4. He worked for controversial emergency managers. Coleman worked for both Robert Bobb and Roy Roberts, two of the state-appointed emergency managers who had tense relationships with teachers and unions. During the interview with labor and business leaders, teachers union interim president Ivy Bailey asked to address the “elephant in the room,” Coleman’s role with the state-appointed regime. “How would you create a culture and climate in the district where people could trust you, and have confidence in you and come to respect you?” she asked. Coleman was quick to point out that he was actually hired by Connie Calloway, the district’s last general superintendent, and attempted to quell any friction by pointing out he made the decision to leave DPS because he didn’t feel like the emergency managers were listening to his ideas. “My philosophy didn’t align with the national turnaround experts,” he said.

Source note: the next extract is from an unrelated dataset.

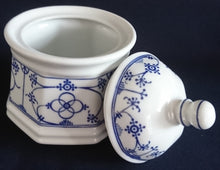 Lade das Bild in den Galerie-Viewer, 3er Set MILCHKÄNNCHEN &amp; ZUCKERDOSE MIT DECKEL - Porzellan, Indisch Blau Strohblume Motiv Dekor
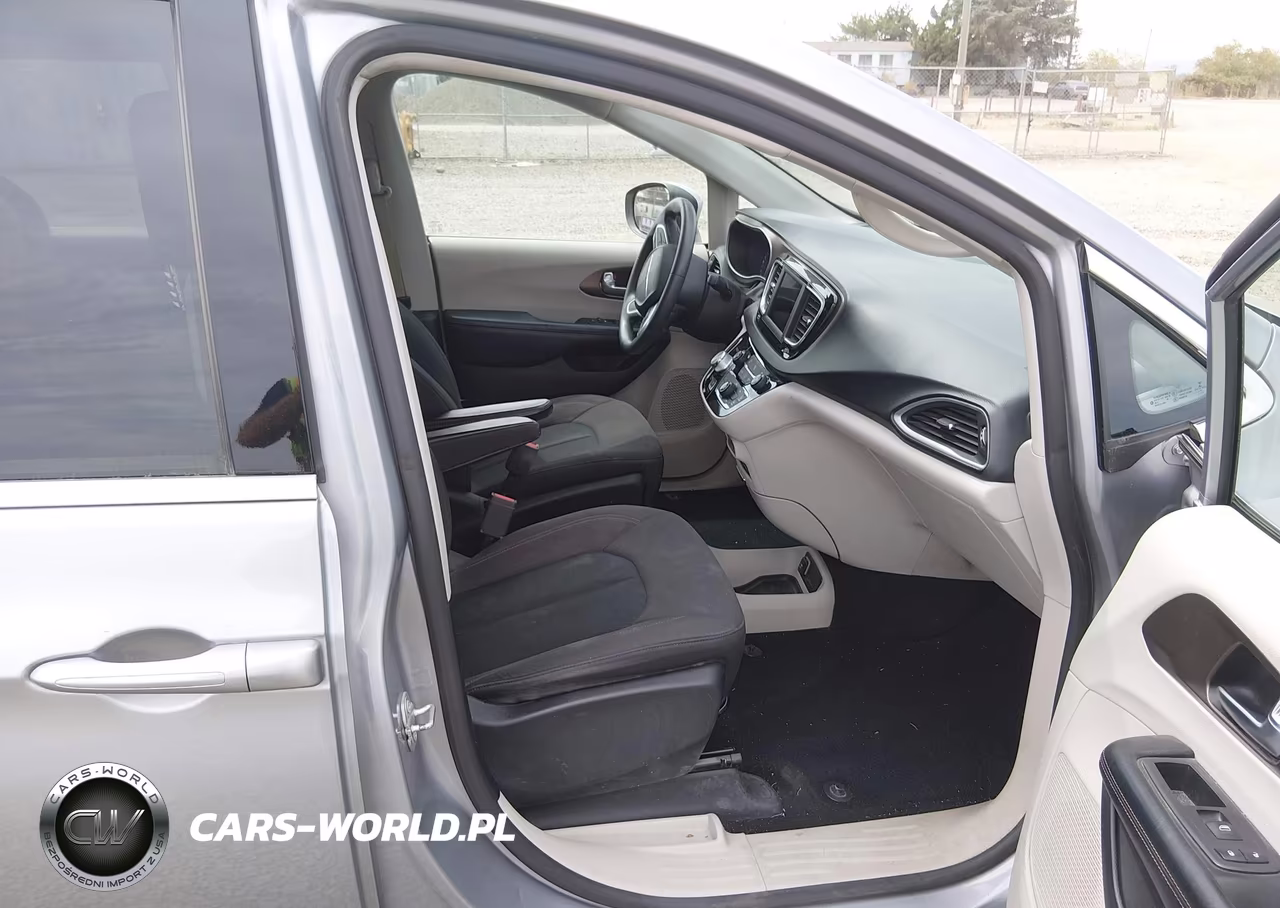 2019 Chrysler Pacifica Lx VIN:2C4RC1CG3KR702058 - 5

And one thing that could cut either way
1. Coleman is not connected to national education advocacy groups. Vitti faced repeated questions about his ties to the Eli and Edythe Broad Foundation, which funded controversial education reforms in Detroit like the state-run Education Achievement Authority and runs a superintendent training program that incorporates leadership strategies from the business world. Unlike Vitti, Coleman did not participate in that training — which means he lacks both the assets and liabilities that a Broad affiliation would bring. This appears to have made the difference for at least one influential Detroiter: At the end of the day, former interim superintendent John Telford threw his support to Coleman, saying he believed the former DPS assistant superintendent had knocked the interview “out the park.” Telford said he thought Vitti had done a good job but he was turned off by the Florida superintendent’s Broad ties.